En los 27 años que llevo escribiendo esta columna, espacio que me ha hecho supremamente feliz pues, como bien saben, aquí incluyo semanalmente un popurrí de temas que de una forma u otra necesito sacarme del sistema. Y digo sacar no porque sean malos, sino simplemente porque hay eventos que observo en mi diario caminar por la Tierra que pienso que vale la pena compartir.
Cierto es también, que muchas veces el espacio constituye una válvula de descarga para una pena muy grande, pero igualmente lo es para las grandes alegrías. Y aquí sentada, pensando cómo voy a completar este texto, se me ocurre que no siempre las tristezas son tristes ni las alegrías alegres. Perdonen el trabalenguas, pero así se me presentó el asunto.
Comento que estoy pensando cómo llenar esta página hoy porque vivo uno de esos momentos agridulces que a todos alguna vez nos ha tocado experimentar: despedir a “Mi tía Isabel, la valiente”. Se que la forma de nombrarla les parecerá un poco extraña, pero ese es el título del primer artículo que escribí sobre ella. Fueron varios en los que la mencioné. ¿Cómo no iban a ser varios si fue una presencia constante y enorme a lo largo de toda mi vida?
El tiempo transcurre inexorable y las personas que llegaron al mundo antes que nosotros van acumulando años y con esos años se vuelven cada día un poquito más frágiles, menos independientes, aunque no menos importantes. Envejecer tiene muchas aristas. Lo que ocurre es que en el caso de tía Isabel Burgos de Boyd la “independencia” marcó el camino que recorrió por noventa años. Fue una guerrera que sacó adelante su tropa de seis hijos superando todos los obstáculos que la vida tuvo a bien poner en su camino como la pérdida de su adorado tío Bob a una edad en que le faltaba mucho camino por recorrer.

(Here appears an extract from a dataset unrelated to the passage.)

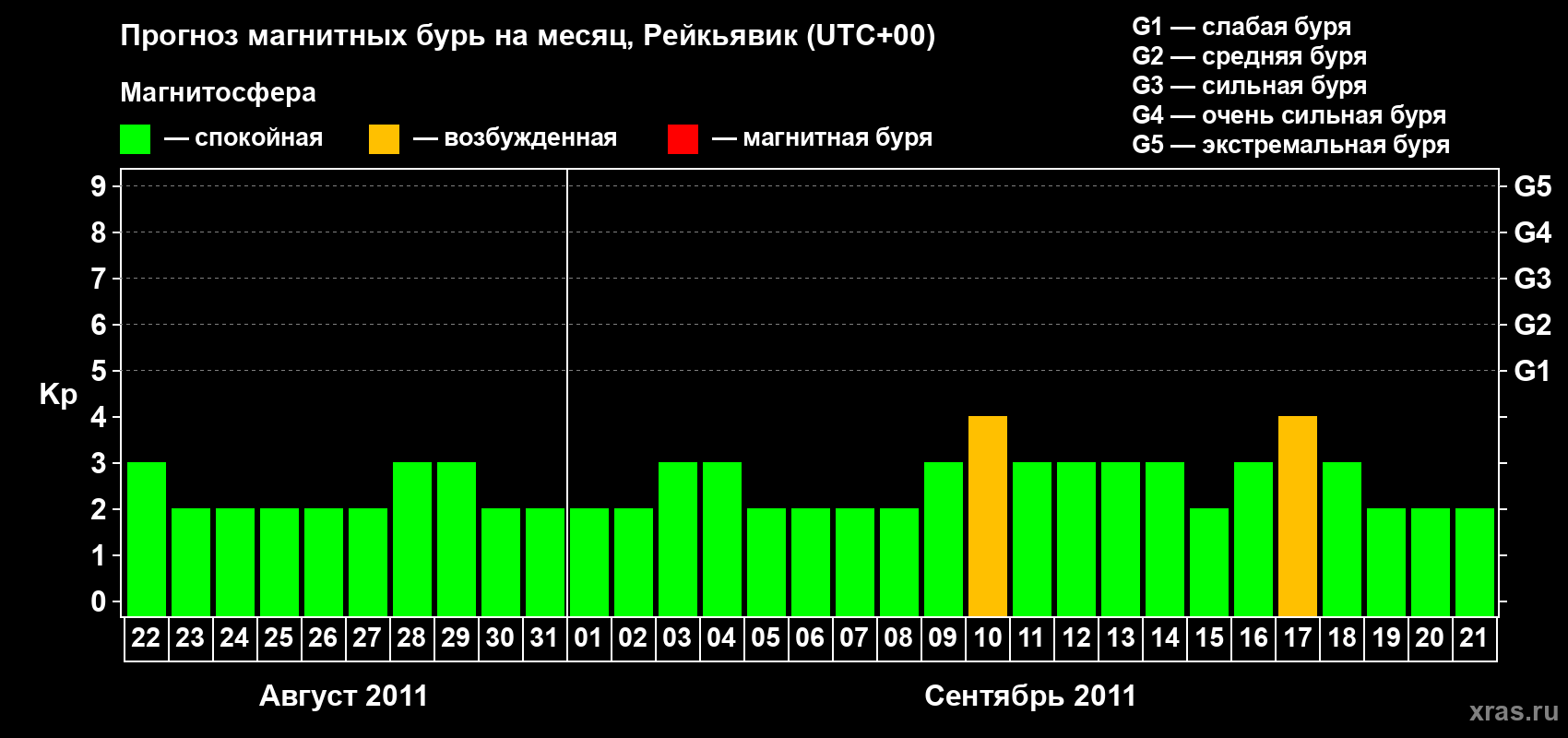 Прогноз максимального суточного геомагнитного индекса Kp на <b>1 месяц</b> (31 день) <b>с 22 августа по 21 сентября 2011 г</b>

Como mencioné al principio vivo una gran tristeza -de hecho, la vivimos mi mamá y todos mis hermanos- sin embargo, pesan más las alegrías de los tiempos compartidos con Chacha, como la bautizaron sus nietos. Y es gracias a los recuerdos de cada una de esas alegrías que sabemos que esto es solo un hasta luego.
Chacha nos fue dejando poco a poco, a veces así ocurre, y pienso que lo hizo de esa forma para irnos preparando para su partida definitiva. Lo importante es que, como dijo el sacerdote que la acompañó en ese tramo final, se fue en paz. Nada más valioso que la paz de espíritu. Paz por haber cumplido su misión como hija, como hermana, como esposa, como madre (de los que vivían en su casa y de otros que llegábamos por allí) y como abuela. ¡Muchas misiones para un solo cuerpo!
Hoy celebro esa vida que nos ha dejado miles de regalos. Celebro sus regaños, sus risas, lo que pintó en las paredes de sus casas, las flores que sembró, las noches frente a la chimenea de El Valle de Antón, los cuentos de sus viajes, la camionetita VW en la que llegaba a sus destinos en una exhalación porque manejaba a mil millas por hora. Celebro que sacó tiempo y paciencia para querernos a todos.